Mi trovo in questo momento in un’oasi di pace, a Kyoto, ma potrei essere ovunque. Sono le 5 di pomeriggio, mi sdraio su una roccia del fiume e sistemo accanto a me il cappello di paglia, ormai inutile. Sono circondata da gente, perlopiù turisti come me estenuati dai classici giri turistici sotto questo caldo cocente. 

 Mi fermo un momento ad osservare e ad ascoltare. I sussurri delle coppiette che condividono lo stesso masso. Gli schiamazzi dei bambini che saltano da una parte all’altra e si rincorrono. I frenetici clic delle macchine fotografiche e degli smartphone, che immortalano gli ultimi momenti della giornata. La musica classica suonata con passione da un mendicante sotto il ponte. Sembra di ammirare un dipinto impressionista in stile moderno.

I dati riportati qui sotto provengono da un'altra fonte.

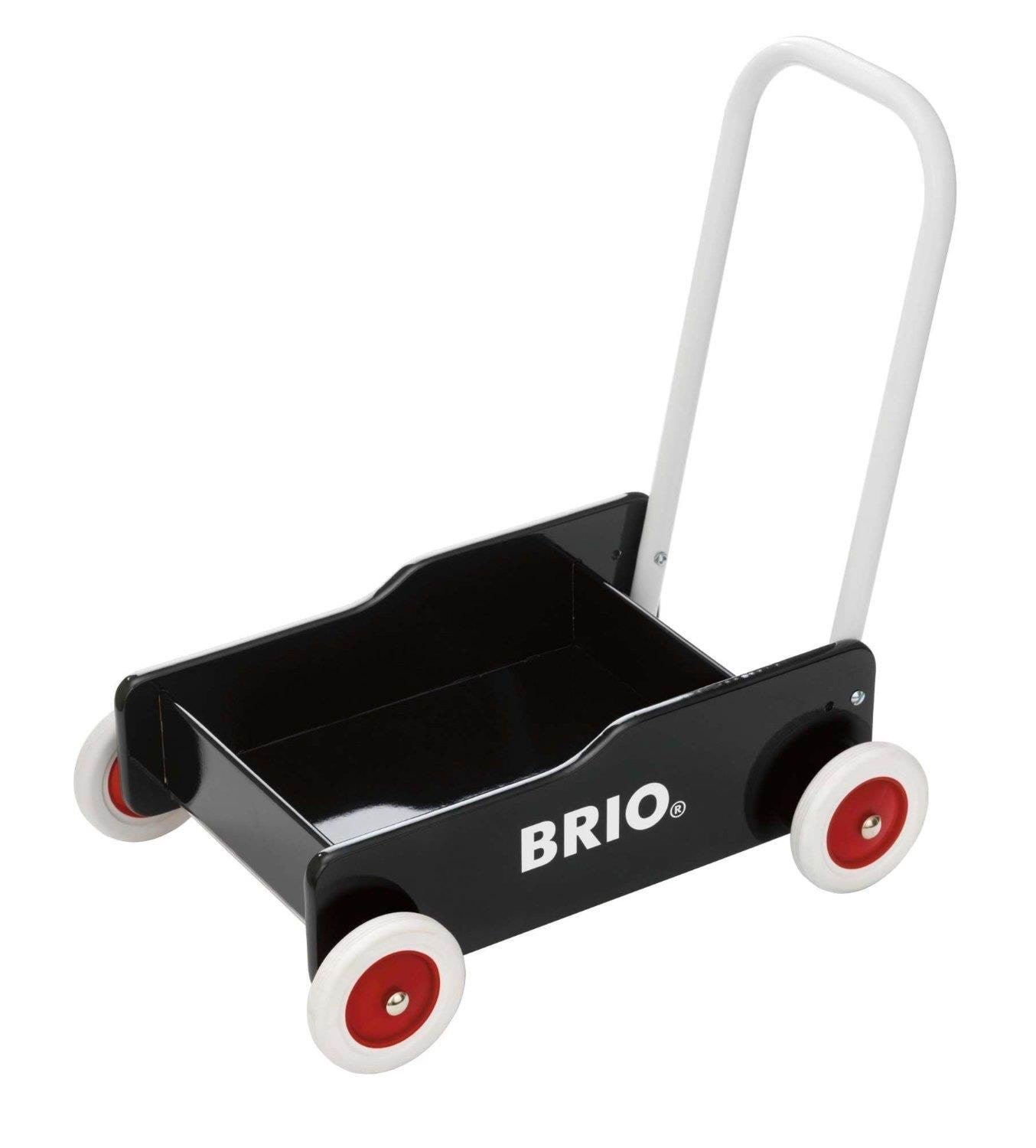 Brio 31351 Lære-gå-vogn, sort Babylegetøj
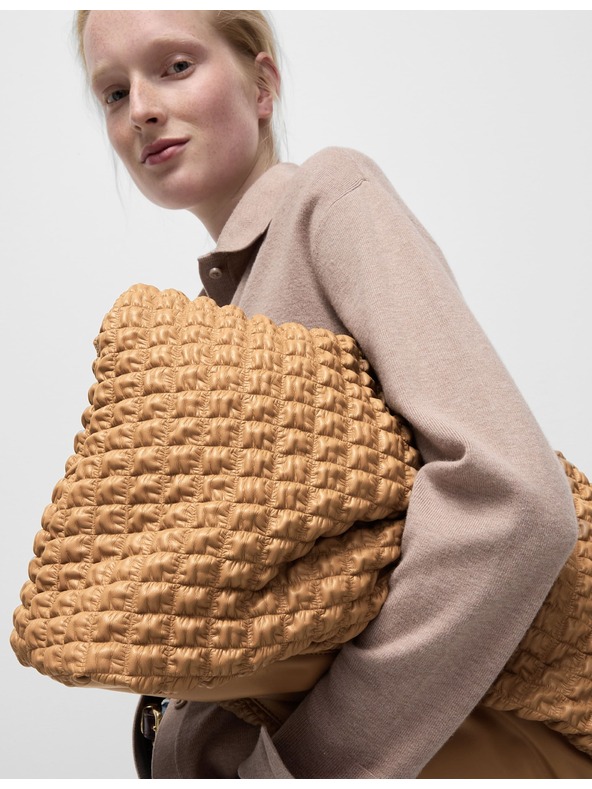 Marks & Spencer Prošívaná kabelka přes rameno Marks & Spencer hnědá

In un gesto ormai abitudinario e quasi morboso prendo il cellulare e apro la pagina di Facebook. Scorro i vari post del tutto disinteressata, poi vado nuovo su e mi fermo su una notizia che il mio cervello aveva quasi ignorato: quella dell’ennesimo attentato, questa volta in Iraq. 250 morti, tra cui molti bambini che con le loro famiglie festeggiavano la fine del Ramadan. Mi viene un groppo alla gola.

Sempre sdraiata, mi volto. Osservo il mondo che continua a girare come prima, ma il silenzio assordante di questa tragedia ha fatto in modo che tutto attorno a me ammutolisca. Ascolto solo il rumore dell’acqua del fiume. Il lieve rumore delle piccole onde, che timidamente rimbalzano e si scontrano con i massi. Panta rei. Tutto scorre. È questo il segreto? È questa l’essenza dell’umanità? Inseguire la felicità nelle piccole cose, come ci hanno insegnato, mentre a poche migliaia di chilometri, o anche meno, tutto ciò è stato negato per sempre a dei bambini? Siamo condannati ad assistere alla violenza che scorre e si propaga imperterrita? E così facendo, non siamo dei complici? Un’inquietudine mi invade, mentre fuori il mio sguardo non trapela il minimo sconforto.

“È proprio rilassante qui vero?” La voce viene dal mio nuovo amico tedesco che mi guarda sorridente con il sole che risplende sui suoi capelli biondi. “Sì, lo è”.